In his latest series of Sorry installations at Lumen Travo in Amsterdam, Guillaume Bijl (b. 1946, Antwerp) once again positions himself as the chronicler of our collective kitsch fantasies: the everyday absurdity of the West is carefully staged and lovingly mocked.
We’re greeted by flamingos on plastic grass, an androgynous knock-off of Michelangelo’s David flanked by a pineapple and a porcelain cat. A mannequin in fishnet stockings strikes a sultry pose among plastic miniature trees and mushrooms. At first glance, each element seems banal, over-the-top, perhaps even vulgar, but in Bijl’s hands, these objects become shrines to banality. Together, they might even be considered altarpieces of consumer culture.

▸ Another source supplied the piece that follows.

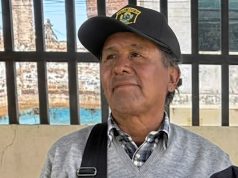 Organizaciones sociales de la región alistan protestas en rechazo a la asunción de Keiko Fujimori como presidenta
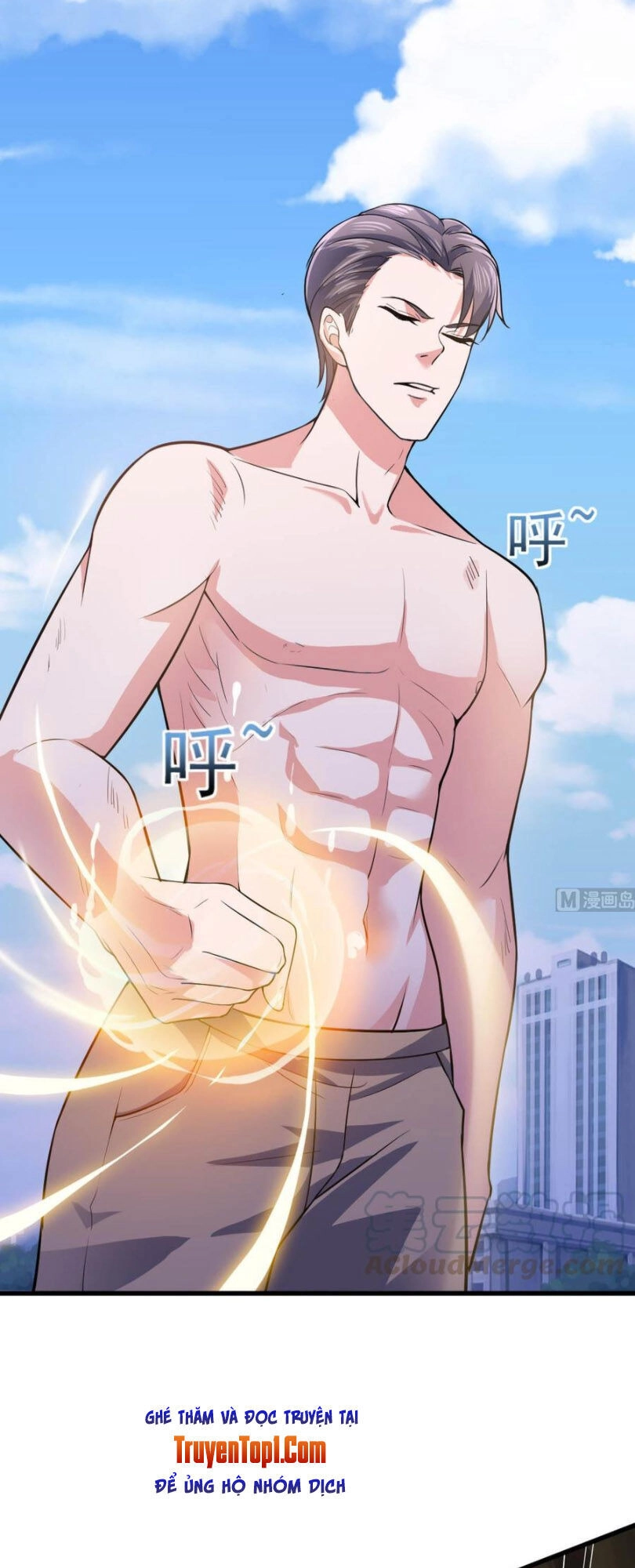 Cực Phẩm Tiên Tôn Ở Rể Chapter 43 - 3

Bijl is a master of walking the tightrope between critique and complicity. We laugh at the clichés, but we also recognise our own desires in them. Because, let’s be honest: who doesn’t secretly love a dancing hula girl wiggling her skirt?

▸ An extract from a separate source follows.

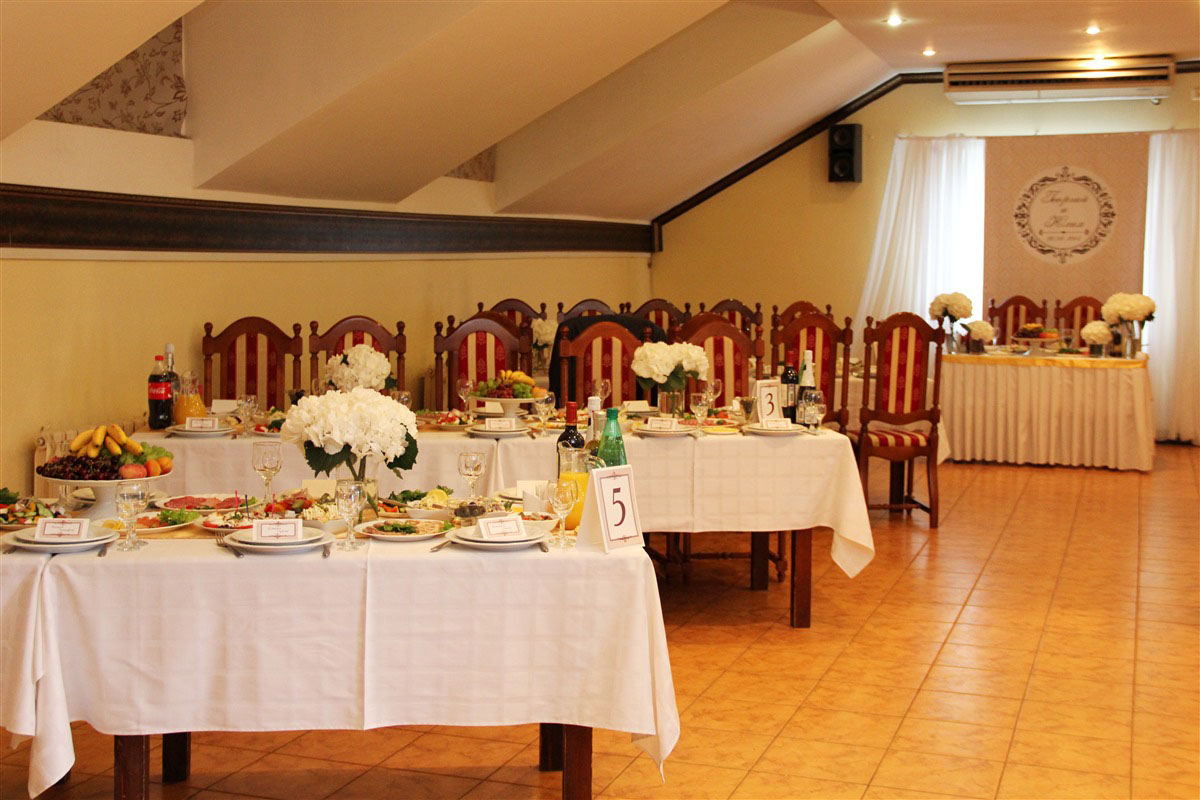 Белый зал — фото 5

And that other girl in red, under the glowing star, leaning against a folding screen as if presenting herself. It almost seems like a wink to the Red Light District. The gallery’s glass window only adds to the ambiguity. As you pass by, the woman appears to lure you inside.
Since the 1980s, Guillaume Bijl has been making his so-called Sorry installations, works with titles like Sorry. A Fake Monument, Sorry. An Unimportant Performance, Sorry. A Tourist Information Stand. Each Sorry piece is a surreal, humorous assemblage of found objects. With the title of the series, Bijl offers a kind of pre-emptive apology for daring to make work that isn’t considered “serious” art. Every time, he presents something too banal, too frivolous, too honest for what typically qualifies as “high” culture. What began as a playful diversion from his more realistic Transformation Installations, meticulously built replicas of driving schools, mattress shops and other mundane interiors, has grown into a catalogue of our shared desires, embarrassments, and aesthetic repressions.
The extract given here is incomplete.